You’d think that the religious freedom administration would honor the fact that many churches and synagogues believe that providing sanctuary for immigrants is part of their religious mission, but you would be extremely wrong.
There’s also a lawsuit that was filed by more than two dozen Christian and Jewish groups in February, saying that the threat of immigration officers entering churches is lowering attendance, which, you guessed it, infringes on their religious freedom.
Also in February, hundreds of Quaker congregations also sued over the removal of sensitive locations, explaining that they are spiritually called to minister to immigrants. The Cooperative Baptist Fellowship, a network of more than 1,400 congregations, joined the suit.

“In the faces of immigrants and refugees who are fleeing political or religious persecution, or who are seeking sanctuary from tyrants, Baptists see nothing less than the face of Jesus,” the suit said.

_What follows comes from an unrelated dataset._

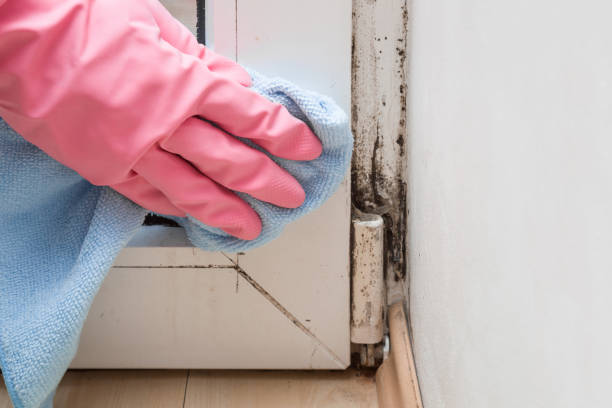 Best Industrial Mold Remediation in Dunnigan, CA
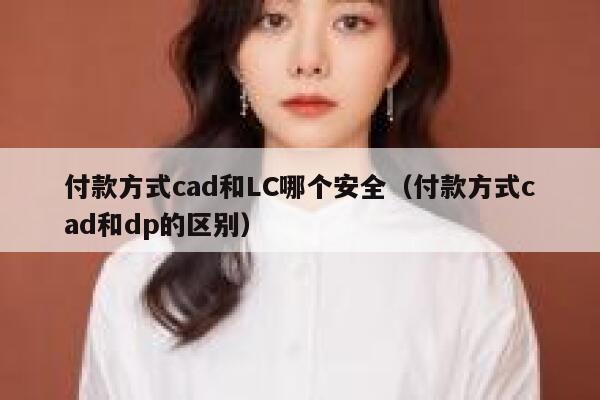 付款方式cad和LC哪个安全（付款方式cad和dp的区别） 第1张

Another plaintiff, Sikh Temple Sacramento, noted that communal in-person worship is critical to their religious practice.
Making houses of worship vulnerable to ICE raids burdens the religious practices of these groups, particularly because the entirely legitimate fear of ICE has led to a drop in attendance.
Somehow, the religious freedom organization didn’t really see that as a big deal and tried to handwave that away, saying that immigration authority rests with the Department of Homeland Security, which gets to do whatever it wants.
The administration even managed to get itself sued in February by the U.S. Conference of Catholic Bishops over cutting off refugee resettlement aid, which is quite a feat since those bishops have generally enthusiastically tilted right.
Vice President JD Vance, who never fails to tout his tradcath views and ostensible commitment to religious freedom, said that the bishops were just in it for the money.
The Trump team only cares about religious freedom when it’s used to force a very narrow, very conservative version of Christianity on everyone else. Actual religious freedom—the right to freely practice your faith, whether that may be—is utterly foreign to this administration.